In defense of speed demon pet surgeons
Speed demon surgeons may not sound like your pets’ best friend, but let’s not be too hasty now…sometimes it really is the best medicine.
In some surgical residency programs they teach the mantra, “time is trauma under anesthesia.” In other words, the longer a patient is out, the higher the risk of complications.
And statistically, that’s true. The longer a pet is under anesthesia the higher the rate of anesthetic complications and infections.
But what about a surgeon taking their time? Isn’t that what we really need them to do?
No doubt many delicate procedures require triple-checking and a deft set of hands. And every surgeon’s got their ideal pace. What seems like “rushing” to one surgeon may be the standard operating procedure of the next. And it may seem to you that the more cautious surgeon is the more competent one…but not always.
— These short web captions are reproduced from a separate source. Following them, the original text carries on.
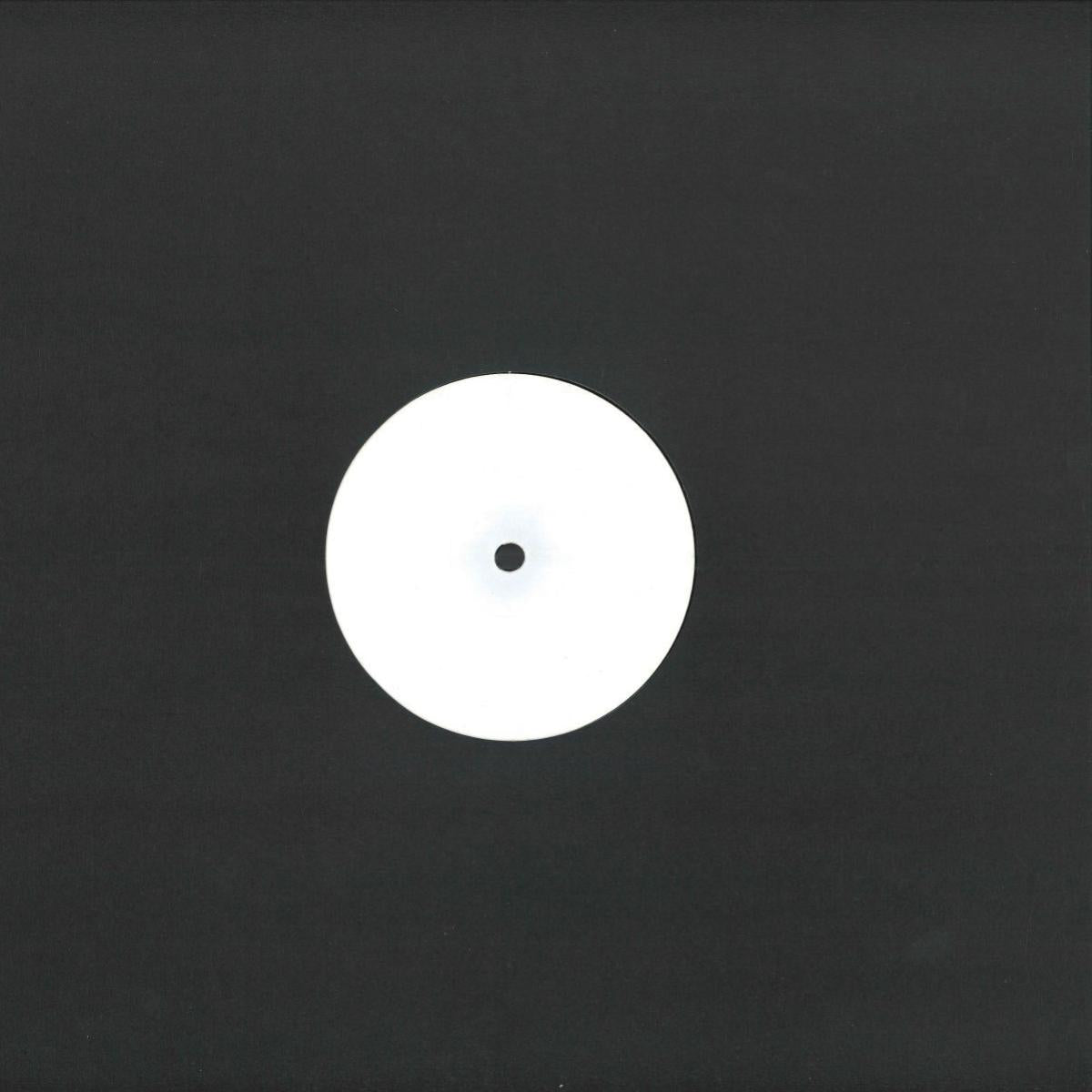 Track cover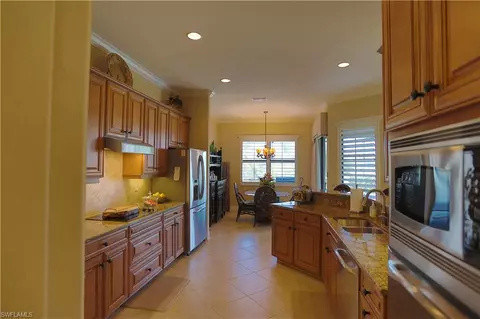 3793 Ruby Way, Naples, FL 34114 photo 10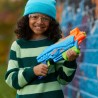 Nerf Elite Jr Ultimate Starter - Hasbro F6369EU4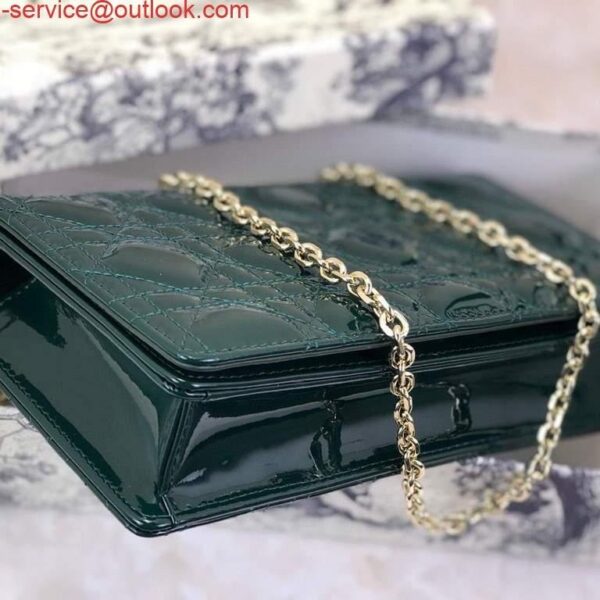 6533352dd07da.jpg 6533352dd07da.jpg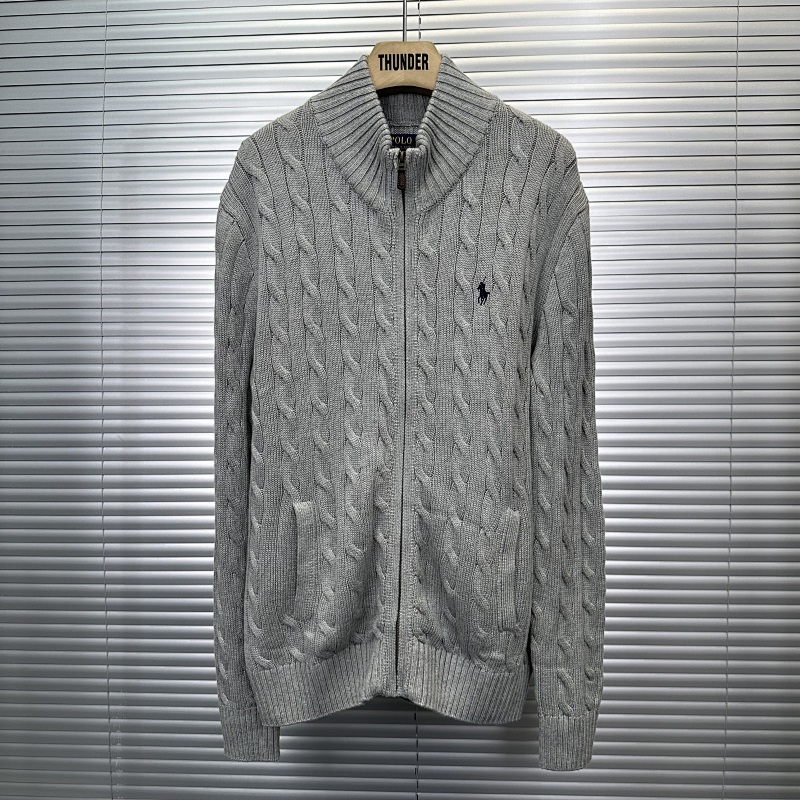 R/l Price: 2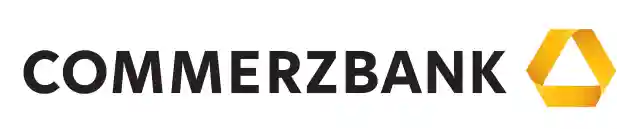 commerzbank.de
Imagine you need a bleeding spleen out of an abdomen—fast! Without the speed, skill and, yes, sometimes recklessness, to make that happen, our patients may die. Gunshot wounds, hit-by-cars, bleeding masses—all of these require SPEED.
Remember the post I wrote on the Guinness Book of World Record seeking vet with a goal of neutering fifty cats in a few hours’ time?
Some of you were horrified by the glorification of surgical speed over proficiency and quality. But speed doesn’t mean you have to sacrifice quality—not always, anyway.
Slow when you need to be, fast when you don’t. That’s what I was taught. When you do and when you don’t is a judgment call every surgeon has to make—and that takes experience.
Then there’s the issue of practice: If you’re never practicing your speed, how can you ever recall it when you really need it?
My take? I speed-demon the most routine elements of routine procedures, especially the stitching. This helps to keep up my speedy skills for the horrible emergency cases unable to afford a veterinary surgeon’s skills and experience. I also knit fast to keep my fingers nimble—it helps.
Sure, I only see about one crazy surgical case a month but if the Speedy Gonzalez in me isn’t ready for it I might as well pull out the euthanasia solution on some of these cases.
There are trade-offs in every line of work for every single skill we might ever seek to master. Speed and caution may seem like they qualify as trade-offs but rest assured, sometimes that speed-demon surgeon really has your pets’ best interest in mind.